Now that you have developed a description of the occupation you are presently working in, it is time to develop a vision statement for your career. This doesn’t mean that you have to describe what you will be doing for the next 20 years or that you have to settle on a particular occupation. However, consider what you want to work towards in the long-term. For example, are there various types or levels of jobs within your occupation that you can work towards as you gain additional knowledge and/or skills?
Step #3: Develop a Short-Term and Long-Term Career Plan.
Once a vision statement has been established you can now develop a career plan and this will immediately help shift your mindset and create a sense of control for your career. As a career coach this helps many of my clients overcome a sense of helplessness in their career, even if they don’t have immediate options to explore. A career plan involves establishing short-term and long-term goals that are related to your vision. While this does not mean it has to be a fixed plan and one that can never be adapted or modified, it does provide a starting point to work from and this creates a proactive mindset.
Step #4: Develop Job-Related Milestones.
With a career plan established I also encourage my clients to develop job-related milestones to maintain a focus on their career plan and vision.

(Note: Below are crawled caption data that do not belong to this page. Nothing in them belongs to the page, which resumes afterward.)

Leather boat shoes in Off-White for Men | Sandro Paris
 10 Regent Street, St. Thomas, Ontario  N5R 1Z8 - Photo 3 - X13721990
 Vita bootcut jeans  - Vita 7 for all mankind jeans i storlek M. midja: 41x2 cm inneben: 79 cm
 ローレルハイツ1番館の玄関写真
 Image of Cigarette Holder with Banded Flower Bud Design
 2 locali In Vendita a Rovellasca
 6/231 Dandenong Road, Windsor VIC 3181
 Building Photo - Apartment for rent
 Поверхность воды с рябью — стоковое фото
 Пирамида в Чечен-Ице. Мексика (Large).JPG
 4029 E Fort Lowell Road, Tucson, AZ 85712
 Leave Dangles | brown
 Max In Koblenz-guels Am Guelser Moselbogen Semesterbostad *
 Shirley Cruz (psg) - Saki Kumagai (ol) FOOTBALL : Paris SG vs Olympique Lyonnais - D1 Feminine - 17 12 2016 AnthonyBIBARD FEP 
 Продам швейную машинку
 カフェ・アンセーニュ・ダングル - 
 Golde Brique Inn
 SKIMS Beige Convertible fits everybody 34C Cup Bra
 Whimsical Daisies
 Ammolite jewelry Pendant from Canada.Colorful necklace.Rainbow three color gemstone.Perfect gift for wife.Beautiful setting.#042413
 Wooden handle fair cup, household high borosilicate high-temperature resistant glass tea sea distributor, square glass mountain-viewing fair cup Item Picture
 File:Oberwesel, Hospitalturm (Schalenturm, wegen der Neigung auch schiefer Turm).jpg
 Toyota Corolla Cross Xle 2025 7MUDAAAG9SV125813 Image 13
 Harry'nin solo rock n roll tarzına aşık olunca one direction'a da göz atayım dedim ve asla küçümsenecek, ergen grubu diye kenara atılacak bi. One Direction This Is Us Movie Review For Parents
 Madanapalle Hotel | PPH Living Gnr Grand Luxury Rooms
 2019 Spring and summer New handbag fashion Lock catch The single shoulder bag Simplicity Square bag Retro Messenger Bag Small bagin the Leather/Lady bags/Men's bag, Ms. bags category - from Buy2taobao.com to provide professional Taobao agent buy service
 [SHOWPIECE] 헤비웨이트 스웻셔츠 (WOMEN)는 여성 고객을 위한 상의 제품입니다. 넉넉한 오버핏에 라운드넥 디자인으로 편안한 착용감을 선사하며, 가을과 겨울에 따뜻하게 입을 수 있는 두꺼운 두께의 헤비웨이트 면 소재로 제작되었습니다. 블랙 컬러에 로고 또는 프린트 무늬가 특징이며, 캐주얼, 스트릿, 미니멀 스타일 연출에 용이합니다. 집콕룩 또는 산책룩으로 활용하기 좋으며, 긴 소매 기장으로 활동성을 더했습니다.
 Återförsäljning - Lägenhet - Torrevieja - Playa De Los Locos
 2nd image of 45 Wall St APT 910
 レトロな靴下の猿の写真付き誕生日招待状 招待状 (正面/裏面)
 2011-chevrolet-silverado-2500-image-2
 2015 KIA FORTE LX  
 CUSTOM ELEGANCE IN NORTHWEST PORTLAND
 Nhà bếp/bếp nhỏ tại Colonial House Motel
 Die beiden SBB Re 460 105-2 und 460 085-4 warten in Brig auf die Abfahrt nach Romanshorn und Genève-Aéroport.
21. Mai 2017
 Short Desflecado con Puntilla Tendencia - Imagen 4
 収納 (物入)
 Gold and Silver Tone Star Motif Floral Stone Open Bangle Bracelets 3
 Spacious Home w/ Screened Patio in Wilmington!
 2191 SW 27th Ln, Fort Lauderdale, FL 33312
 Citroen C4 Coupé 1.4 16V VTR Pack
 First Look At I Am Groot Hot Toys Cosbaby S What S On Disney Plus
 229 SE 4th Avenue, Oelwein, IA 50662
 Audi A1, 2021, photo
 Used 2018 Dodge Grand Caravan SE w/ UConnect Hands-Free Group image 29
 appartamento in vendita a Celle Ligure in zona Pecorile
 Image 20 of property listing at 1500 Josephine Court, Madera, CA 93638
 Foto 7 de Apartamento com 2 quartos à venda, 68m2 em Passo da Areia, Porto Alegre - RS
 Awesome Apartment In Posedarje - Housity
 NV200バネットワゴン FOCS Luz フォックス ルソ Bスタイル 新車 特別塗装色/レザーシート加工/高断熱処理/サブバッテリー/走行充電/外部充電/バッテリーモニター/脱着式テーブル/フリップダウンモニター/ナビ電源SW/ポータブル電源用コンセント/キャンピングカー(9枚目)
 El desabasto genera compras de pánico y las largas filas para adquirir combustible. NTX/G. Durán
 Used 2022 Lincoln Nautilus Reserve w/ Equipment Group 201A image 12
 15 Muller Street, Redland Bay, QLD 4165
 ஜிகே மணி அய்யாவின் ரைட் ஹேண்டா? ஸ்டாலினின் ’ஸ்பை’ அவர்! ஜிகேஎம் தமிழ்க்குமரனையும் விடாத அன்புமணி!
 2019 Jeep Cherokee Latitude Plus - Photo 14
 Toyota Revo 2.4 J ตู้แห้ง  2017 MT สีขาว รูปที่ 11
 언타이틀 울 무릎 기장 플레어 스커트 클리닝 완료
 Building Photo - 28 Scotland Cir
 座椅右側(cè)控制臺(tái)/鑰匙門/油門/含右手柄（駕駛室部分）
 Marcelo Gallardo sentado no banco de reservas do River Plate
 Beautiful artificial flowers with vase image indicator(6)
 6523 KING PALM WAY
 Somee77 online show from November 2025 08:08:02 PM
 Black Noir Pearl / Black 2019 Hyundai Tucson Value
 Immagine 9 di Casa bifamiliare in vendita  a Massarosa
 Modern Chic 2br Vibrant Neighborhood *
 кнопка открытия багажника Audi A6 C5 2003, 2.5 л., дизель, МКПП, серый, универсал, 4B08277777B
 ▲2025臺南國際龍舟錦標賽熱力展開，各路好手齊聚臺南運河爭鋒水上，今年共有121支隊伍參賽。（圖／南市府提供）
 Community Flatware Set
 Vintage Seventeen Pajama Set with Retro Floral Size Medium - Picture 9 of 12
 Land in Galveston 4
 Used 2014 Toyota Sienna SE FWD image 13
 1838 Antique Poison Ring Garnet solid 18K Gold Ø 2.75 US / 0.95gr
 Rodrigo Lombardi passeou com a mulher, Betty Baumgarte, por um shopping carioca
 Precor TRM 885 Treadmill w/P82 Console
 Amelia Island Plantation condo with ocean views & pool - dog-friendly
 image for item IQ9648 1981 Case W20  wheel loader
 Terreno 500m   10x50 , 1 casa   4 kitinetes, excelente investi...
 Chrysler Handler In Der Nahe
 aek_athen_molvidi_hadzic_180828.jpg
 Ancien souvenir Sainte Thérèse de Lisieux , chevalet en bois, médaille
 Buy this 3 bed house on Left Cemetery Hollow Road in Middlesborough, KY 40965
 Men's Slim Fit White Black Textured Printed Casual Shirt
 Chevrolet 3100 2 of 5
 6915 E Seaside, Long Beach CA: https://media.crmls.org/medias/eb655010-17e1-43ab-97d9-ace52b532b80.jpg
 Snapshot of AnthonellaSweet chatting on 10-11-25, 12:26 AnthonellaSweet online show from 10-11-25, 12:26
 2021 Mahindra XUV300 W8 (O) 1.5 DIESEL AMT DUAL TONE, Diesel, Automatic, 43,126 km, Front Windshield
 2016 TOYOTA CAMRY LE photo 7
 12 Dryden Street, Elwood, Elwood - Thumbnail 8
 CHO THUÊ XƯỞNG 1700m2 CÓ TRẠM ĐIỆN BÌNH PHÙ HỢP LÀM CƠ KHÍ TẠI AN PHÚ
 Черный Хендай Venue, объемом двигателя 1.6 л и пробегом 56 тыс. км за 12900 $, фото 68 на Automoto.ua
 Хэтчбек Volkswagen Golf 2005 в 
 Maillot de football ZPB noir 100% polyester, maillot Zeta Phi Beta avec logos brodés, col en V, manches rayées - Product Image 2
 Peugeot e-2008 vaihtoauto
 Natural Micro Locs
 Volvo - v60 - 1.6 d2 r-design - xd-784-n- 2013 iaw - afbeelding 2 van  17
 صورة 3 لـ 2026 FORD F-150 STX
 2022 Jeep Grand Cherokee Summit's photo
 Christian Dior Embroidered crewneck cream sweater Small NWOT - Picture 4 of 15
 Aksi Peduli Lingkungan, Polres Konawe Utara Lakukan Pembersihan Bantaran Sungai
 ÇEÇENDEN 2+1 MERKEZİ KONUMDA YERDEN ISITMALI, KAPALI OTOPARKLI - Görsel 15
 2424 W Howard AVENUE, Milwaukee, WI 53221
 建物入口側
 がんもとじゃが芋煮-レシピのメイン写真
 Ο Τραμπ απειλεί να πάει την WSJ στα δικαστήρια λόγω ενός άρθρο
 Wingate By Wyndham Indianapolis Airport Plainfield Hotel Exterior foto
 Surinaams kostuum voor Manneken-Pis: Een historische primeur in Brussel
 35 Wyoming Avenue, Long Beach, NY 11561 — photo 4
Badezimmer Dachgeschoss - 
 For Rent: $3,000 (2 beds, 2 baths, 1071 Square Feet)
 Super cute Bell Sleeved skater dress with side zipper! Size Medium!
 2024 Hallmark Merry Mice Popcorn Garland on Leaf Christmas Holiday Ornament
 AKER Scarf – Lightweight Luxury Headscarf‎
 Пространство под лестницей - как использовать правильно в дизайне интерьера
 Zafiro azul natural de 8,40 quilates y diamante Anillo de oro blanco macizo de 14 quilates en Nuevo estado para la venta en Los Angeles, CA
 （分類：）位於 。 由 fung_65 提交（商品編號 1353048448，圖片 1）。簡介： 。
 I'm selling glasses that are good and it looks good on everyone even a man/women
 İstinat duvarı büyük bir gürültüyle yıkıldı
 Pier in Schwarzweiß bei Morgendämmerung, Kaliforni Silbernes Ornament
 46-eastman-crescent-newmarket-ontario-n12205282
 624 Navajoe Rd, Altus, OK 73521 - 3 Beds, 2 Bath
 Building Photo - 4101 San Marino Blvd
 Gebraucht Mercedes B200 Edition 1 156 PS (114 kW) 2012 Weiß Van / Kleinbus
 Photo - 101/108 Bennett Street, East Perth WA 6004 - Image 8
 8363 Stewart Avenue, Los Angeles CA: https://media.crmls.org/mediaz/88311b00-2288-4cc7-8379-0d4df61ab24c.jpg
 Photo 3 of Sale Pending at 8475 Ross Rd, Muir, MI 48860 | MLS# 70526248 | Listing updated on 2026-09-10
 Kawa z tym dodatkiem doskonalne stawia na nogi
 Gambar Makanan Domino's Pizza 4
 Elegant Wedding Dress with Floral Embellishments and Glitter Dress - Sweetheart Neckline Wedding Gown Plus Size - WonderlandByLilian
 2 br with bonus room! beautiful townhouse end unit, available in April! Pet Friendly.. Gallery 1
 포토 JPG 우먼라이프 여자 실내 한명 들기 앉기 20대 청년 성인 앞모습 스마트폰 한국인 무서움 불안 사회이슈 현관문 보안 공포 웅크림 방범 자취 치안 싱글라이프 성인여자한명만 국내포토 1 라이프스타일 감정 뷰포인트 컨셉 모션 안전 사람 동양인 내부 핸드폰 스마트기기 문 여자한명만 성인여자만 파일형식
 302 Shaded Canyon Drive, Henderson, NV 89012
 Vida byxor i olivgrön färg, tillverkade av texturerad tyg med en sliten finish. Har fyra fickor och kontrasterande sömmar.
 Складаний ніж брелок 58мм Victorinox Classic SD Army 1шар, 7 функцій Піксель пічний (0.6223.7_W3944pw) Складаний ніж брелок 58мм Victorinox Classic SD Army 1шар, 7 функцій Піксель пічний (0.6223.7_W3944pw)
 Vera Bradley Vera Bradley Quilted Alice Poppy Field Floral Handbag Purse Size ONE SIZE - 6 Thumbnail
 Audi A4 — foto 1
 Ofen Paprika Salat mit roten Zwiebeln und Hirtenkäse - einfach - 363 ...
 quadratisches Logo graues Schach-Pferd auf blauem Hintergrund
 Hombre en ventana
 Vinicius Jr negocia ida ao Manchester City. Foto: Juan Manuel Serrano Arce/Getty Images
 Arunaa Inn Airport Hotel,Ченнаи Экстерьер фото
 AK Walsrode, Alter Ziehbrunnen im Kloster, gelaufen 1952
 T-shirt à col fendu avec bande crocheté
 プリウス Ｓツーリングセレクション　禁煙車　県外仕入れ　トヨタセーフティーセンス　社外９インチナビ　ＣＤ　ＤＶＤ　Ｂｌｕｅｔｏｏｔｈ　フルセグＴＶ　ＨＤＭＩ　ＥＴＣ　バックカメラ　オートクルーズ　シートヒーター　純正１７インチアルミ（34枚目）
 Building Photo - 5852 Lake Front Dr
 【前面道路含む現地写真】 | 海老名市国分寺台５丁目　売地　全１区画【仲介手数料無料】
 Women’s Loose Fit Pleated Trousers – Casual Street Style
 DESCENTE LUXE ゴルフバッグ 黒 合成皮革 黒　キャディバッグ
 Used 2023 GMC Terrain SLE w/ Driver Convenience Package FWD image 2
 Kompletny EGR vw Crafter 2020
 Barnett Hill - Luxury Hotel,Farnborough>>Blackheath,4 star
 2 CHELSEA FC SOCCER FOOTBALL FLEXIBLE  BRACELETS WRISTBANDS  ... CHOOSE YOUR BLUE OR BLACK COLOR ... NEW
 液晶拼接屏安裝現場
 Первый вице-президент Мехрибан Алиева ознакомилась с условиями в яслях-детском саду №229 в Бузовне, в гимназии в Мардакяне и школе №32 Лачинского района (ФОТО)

For example, if the short-term goal is to develop new skills as a means of advancing in a particular occupation, a milestone could be a 90-day check-in to determine if those skills are being acquired. If those skills have not been acquired then next steps can be decided upon and range from asking for different assignments on the job, looking for other positions within the same organization, or finding a new job if the current job has reached a point where it offers no further long-term value. These milestones are reminders and provide an opportunity to reflect on the career plan to determine if there are any changes to be made.